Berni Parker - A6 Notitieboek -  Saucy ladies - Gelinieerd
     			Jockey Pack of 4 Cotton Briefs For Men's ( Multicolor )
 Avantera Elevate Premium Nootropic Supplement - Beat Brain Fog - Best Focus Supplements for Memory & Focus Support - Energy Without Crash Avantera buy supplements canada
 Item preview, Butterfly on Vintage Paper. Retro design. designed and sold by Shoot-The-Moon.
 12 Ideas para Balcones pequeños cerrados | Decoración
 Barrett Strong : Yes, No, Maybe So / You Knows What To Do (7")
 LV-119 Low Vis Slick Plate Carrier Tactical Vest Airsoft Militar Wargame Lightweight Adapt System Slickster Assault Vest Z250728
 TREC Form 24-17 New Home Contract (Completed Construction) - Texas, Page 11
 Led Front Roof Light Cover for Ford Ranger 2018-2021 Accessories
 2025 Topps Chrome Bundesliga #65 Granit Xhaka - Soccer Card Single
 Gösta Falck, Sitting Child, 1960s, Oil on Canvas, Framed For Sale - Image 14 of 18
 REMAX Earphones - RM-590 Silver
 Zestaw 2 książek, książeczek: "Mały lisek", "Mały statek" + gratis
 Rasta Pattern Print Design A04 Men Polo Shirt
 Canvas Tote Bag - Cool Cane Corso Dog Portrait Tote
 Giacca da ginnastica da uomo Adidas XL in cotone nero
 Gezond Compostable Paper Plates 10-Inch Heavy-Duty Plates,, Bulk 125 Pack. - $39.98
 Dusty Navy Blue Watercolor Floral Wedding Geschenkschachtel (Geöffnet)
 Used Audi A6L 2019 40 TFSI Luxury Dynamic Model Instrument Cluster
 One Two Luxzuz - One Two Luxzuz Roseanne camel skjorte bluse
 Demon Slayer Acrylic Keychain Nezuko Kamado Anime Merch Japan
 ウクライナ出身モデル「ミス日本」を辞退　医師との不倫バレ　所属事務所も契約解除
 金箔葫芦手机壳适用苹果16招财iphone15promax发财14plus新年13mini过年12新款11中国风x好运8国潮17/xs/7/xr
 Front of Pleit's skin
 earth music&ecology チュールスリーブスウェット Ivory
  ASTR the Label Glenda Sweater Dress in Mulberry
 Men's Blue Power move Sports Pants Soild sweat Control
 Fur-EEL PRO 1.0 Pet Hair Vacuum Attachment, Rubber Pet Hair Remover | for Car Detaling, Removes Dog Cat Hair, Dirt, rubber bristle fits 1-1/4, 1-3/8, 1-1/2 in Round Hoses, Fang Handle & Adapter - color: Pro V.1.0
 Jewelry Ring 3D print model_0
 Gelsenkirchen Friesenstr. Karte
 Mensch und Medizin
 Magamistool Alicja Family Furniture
--------------------
With no word changed, write the entries out once more.

Berni Parker - A6 Notitieboek -  Saucy ladies - Gelinieerd
     			Jockey Pack of 4 Cotton Briefs For Men's ( Multicolor )
 Avantera Elevate Premium Nootropic Supplement - Beat Brain Fog - Best Focus Supplements for Memory & Focus Support - Energy Without Crash Avantera buy supplements canada
 Item preview, Butterfly on Vintage Paper. Retro design. designed and sold by Shoot-The-Moon.
 12 Ideas para Balcones pequeños cerrados | Decoración
 Barrett Strong : Yes, No, Maybe So / You Knows What To Do (7")
 LV-119 Low Vis Slick Plate Carrier Tactical Vest Airsoft Militar Wargame Lightweight Adapt System Slickster Assault Vest Z250728
 TREC Form 24-17 New Home Contract (Completed Construction) - Texas, Page 11
 Led Front Roof Light Cover for Ford Ranger 2018-2021 Accessories
 2025 Topps Chrome Bundesliga #65 Granit Xhaka - Soccer Card Single
 Gösta Falck, Sitting Child, 1960s, Oil on Canvas, Framed For Sale - Image 14 of 18
 REMAX Earphones - RM-590 Silver
 Zestaw 2 książek, książeczek: "Mały lisek", "Mały statek" + gratis
 Rasta Pattern Print Design A04 Men Polo Shirt
 Canvas Tote Bag - Cool Cane Corso Dog Portrait Tote
 Giacca da ginnastica da uomo Adidas XL in cotone nero
 Gezond Compostable Paper Plates 10-Inch Heavy-Duty Plates,, Bulk 125 Pack. - $39.98
 Dusty Navy Blue Watercolor Floral Wedding Geschenkschachtel (Geöffnet)
 Used Audi A6L 2019 40 TFSI Luxury Dynamic Model Instrument Cluster
 One Two Luxzuz - One Two Luxzuz Roseanne camel skjorte bluse
 Demon Slayer Acrylic Keychain Nezuko Kamado Anime Merch Japan
 ウクライナ出身モデル「ミス日本」を辞退　医師との不倫バレ　所属事務所も契約解除
 金箔葫芦手机壳适用苹果16招财iphone15promax发财14plus新年13mini过年12新款11中国风x好运8国潮17/xs/7/xr
 Front of Pleit's skin
 earth music&ecology チュールスリーブスウェット Ivory
  ASTR the Label Glenda Sweater Dress in Mulberry
 Men's Blue Power move Sports Pants Soild sweat Control
 Fur-EEL PRO 1.0 Pet Hair Vacuum Attachment, Rubber Pet Hair Remover | for Car Detaling, Removes Dog Cat Hair, Dirt, rubber bristle fits 1-1/4, 1-3/8, 1-1/2 in Round Hoses, Fang Handle & Adapter - color: Pro V.1.0
 Jewelry Ring 3D print model_0
 Gelsenkirchen Friesenstr. Karte
 Mensch und Medizin
 Magamistool Alicja Family Furniture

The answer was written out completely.